Bohemia Village Voice  Bohemia Village Voice

For bohemians everywhere

Horntye’s apartments plan unveiled

Horntye Park - mound of soil where apartments may be built

Horntye Park - mound of soil where apartments may be built

Horntye Park Sports Complex held a public consultation in their Lord Cornwallis suite on 28th-29th of September, presenting detailed plans of the proposed new housing developments. It is understood that there will be two linked blocks of apartments of six storeys, plus a further block of social housing for firemen. Horntye trustees and management team, together with representatives of London and South-East Equity Development, were on hand to talk to the public and answer questions. However, they were keen to stress that the plans are not yet finalised.

Brian Clifford, communications consultant for London and South-East Equity, said, “All decisions are yet to be taken.” He told the Voice that feedback from local people will be discussed at a series of meetings on the 19th, 22nd and 23rd of October.  Over a hundred and fifty people came to see the plans during the two days.
Horntye say the residential development is necessary to safeguard the future of the Horntye, which currently costs £1,000 a day to run.
“We provide a service to the community, but it is not sustainable as we are at the moment,” said Kevin Miller, general manager. “Summerfields keeps going with a council subsidy, but Horntye gets no funding, so the whole point is to make ourselves viable for the future.”  If the scheme goes ahead, the money from building the apartments and from the service charges will not only contribute towards running costs, but will also enable the venue to expand its facilities for sporting events, conferences and weddings. As a registered charity all the capital raised from the development must be used, “to provide sport and recreation facilities and opportunities for the people of Hastings”, and not for other purposes.

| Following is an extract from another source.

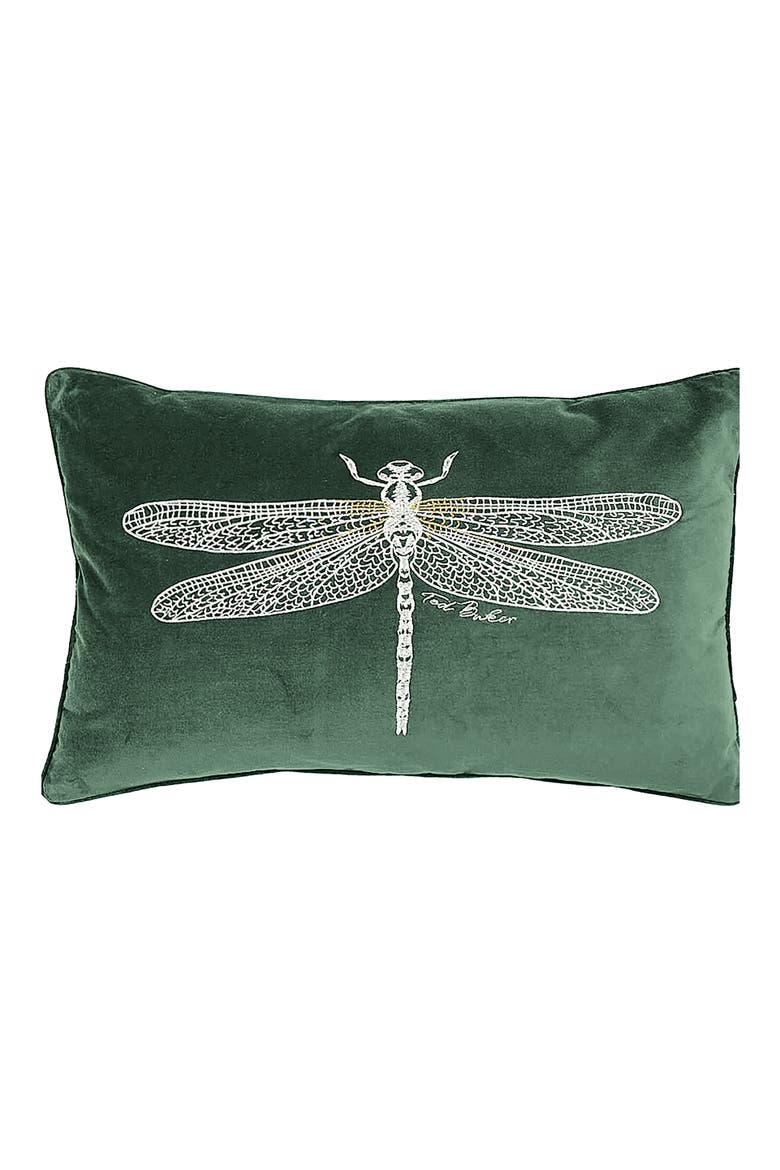 Dragonfly Cotton Velvet Accent Pillow, Main, color, FOREST GREEN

Vice chairman Jeremy Bunday said that the Cricket Ground is county standard, but county matches are quite expensive to stage, and they are hoping to get county cricket again after a break of four or five years.

The scheme includes extending the Sports Complex itself, bringing the Indoor Bowling Centre across from Falaise, and having offices above the proposed extension such as the Registrer Office, which has to find new premises in the not too distant future. Incorporated in the plans is a block providing social housing for firemen by the side of the fire station. The trustees and management considered several parcels of Horntye’s land as a site for the apartment blocks, and the final choice was the landfill site made when the cricket pitch was dug out. This was considered to be the least environmentally damaging option. London & South East Equity Development have given much thought to the environmental aspects of the proposals. Peter Night-ingale, Development Dir-ector, said he thinks they can get the housing to be the highest-rated eco-houses in the south-east. They will feature grass roofs, sown with a variety of native local grasses, which will insulate the buildings and provide an area for local butterflies and other insects. The grass will absorb the rain so it does not run off the roofs all at once, and this water, together with the grey water from the housing, will be used to water the cricket pitch, saving a great deal of expense.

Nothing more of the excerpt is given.